Villa Taparelli
Address and contacts
Via Carletti - 42015 CorreggioOpening times
The villa is private and can only be viewed from the outside.
How to get there
Correggio
By car
Driving along the A22 Modena-Brennero motorway, exiting at the Carpi tollbooth and following the directions for Correggio (then following the SS468 towards the south);
using the A1 Milan - Bologna motorway, exiting at the Reggio Emilia tollbooth and following the signs for Carpi-Correggio (taking the SS468 in a northerly direction).
By train
The closer railway station to Correggio are Reggio Emilia (about 20 km) and Carpi (about 7 Km)
By bus
From Piazzale Europa - Reggio Emilia, bus n. 43 or 82
Historical notes
The building has a broad front with two projecting side bodies comprising the stables, the chapel, and the adjacent out-buildings. The façade is surmounted by a tower.
According to tradition, during the Renaissance period, this building was the “brothel of delights” of Nicolò da Correggio. It was situated along a branch of the mill canal which was used for gardens' watering.
Built in the first half of the 19th century using pre-existing elements, it has an imposing volume with quadrangular plan on two floors plus attic. The roof has a central addition with pediment crowning. The façade features an archivolt portal with decorative elements comprising two caryatids and heads with profiles of noblemen.
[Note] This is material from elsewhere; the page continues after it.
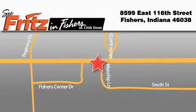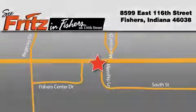Fritz & Fischers is located at 8599 East 160th Street in Fischers. Our goal is to exceed all of your expectations to ensure that you'll return for future visits. Fritz & Fischers.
Windows are regular and symmetrically distributed, distinguished at ground floor by an arch motive, and at "piano nobile" (first floor) by a tympanum decorative motive. Four tall polygonal chimneys stand against the façade in the spaces between the windows.
A portico with one flat arch, with balustraded upper terrace, connects the building to the oratory.
The east-facing façade has a simple profile contoured at the top by a moulded cornice.
The rear face has an attractive portal with niche and statue of a saint, architectural decorations and bell-gable at the top.
Villa Taparelli has hosted princes, noblemen, poets such as Ariosto and Tasso, and the emperor Charles V. The chronicles describe the role of the country residence as a place of delight, culture, and hospitality, as well as a “machine” for increasing the alodial property and apparatus for provisioning of choice goods.
Numerous count’s acts were drafted directly “ad Caxinum extra portam S. Joannis” and in 1518 a “codicil” to the will of Gilberto Da Correggio was drafted “in camera philosophorum” frescoed by Antonio Allegri.
The street is of considerable environmental interest for both the villa gardens and the hedges that line it.